Per painting itself I love in a poetic or literary sense something elegantly described. Visual intelligence or ingenuity, you might say. This could be particularly adept and/or economic brushwork, material usage, perspective, approach, even style (though rare).

I suppose I love that painting necessarily describes a hidden interior. In this way I find it definitionally impossible to dislike someone's work if I truly like them, because it is a window into an even deeper aspect of their being.
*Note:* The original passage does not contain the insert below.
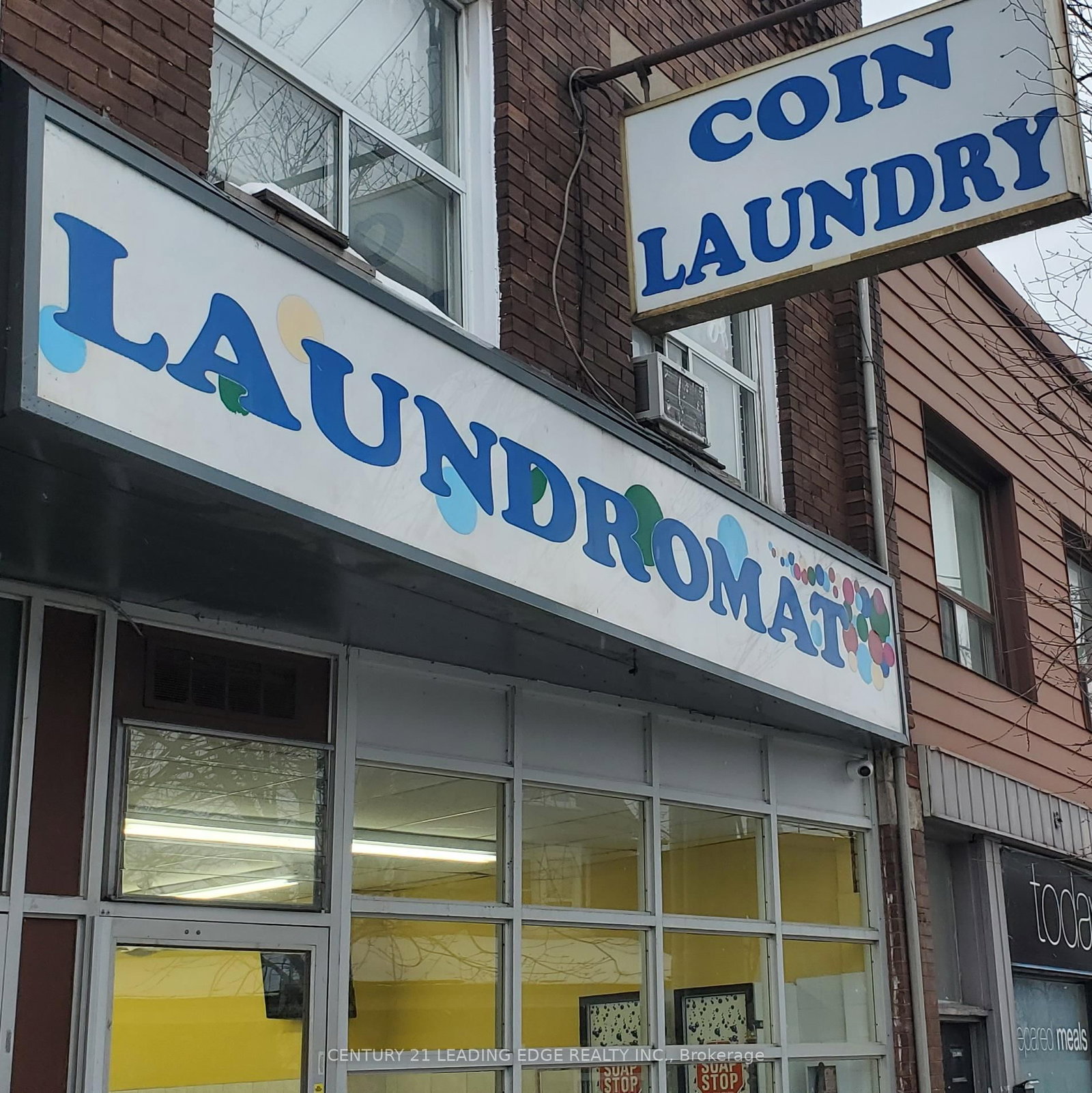 1935 GERRARD Street E - Photo 11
A handful of people for whom I care very deeply make work that when I first encountered it totally repelled me, but as I came to know them better I could feel almost physically my empathy-machine getting pried open, and that reveal––once I was seeing their work from approximately within their perspective––moved me on almost a cellular level. It changed how I looked at all paintings, not just theirs.

I love that painting has a long enough lineage that if we're talking from like Alberti's window to now or whatever it can seemingly be anything. For a lot of folks I think this is alienating or limiting––the weight of history––but for me it's freeing. It's like Parmigiano-Reggiano––if it's your thing you can talk about the geography of Emilia-Romagna and whether it's produced from the milk of red cattle and remember that the number on the wheel correlates to specific producer and the lower the number the higher the quality (generally) and that it's unusual in that it's made from skimmed milk and has zero lactose from like 18 months of age and buy implements to open the 38kg wheels and learn those processes and train yourself on what to listen for when the affineur hammers it and recall that the salt granules in aged varieties contain the amino acid tyrosine and on and on and on, but also: it's fucking delicious on pasta.
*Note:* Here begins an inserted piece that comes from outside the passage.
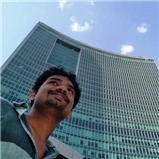 sudeep a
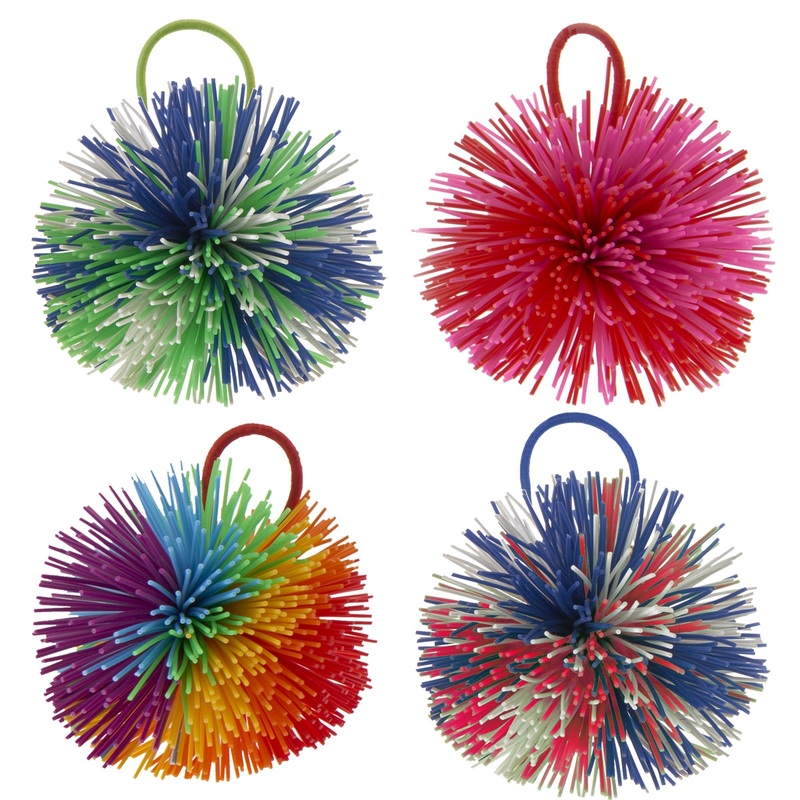 Zangles Bag Tags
Are there any other specific artists you look up to or draw inspiration from?

Two who come first to mind are W. G. Sebald and Joanna Newsom, specifically because both sensed life in presumed-dead or obsolete forms (Sebald with the 19th-century prose sentence, Newsom with the harp), and in resurrecting each expanded their contemporary bounds.

‍After the show at Project Native Informant what are your plans for the rest of 2021?

I’ll be putting together a solo fair presentation with Project Native Informant, so a fairly symmetrical 2021 all in all.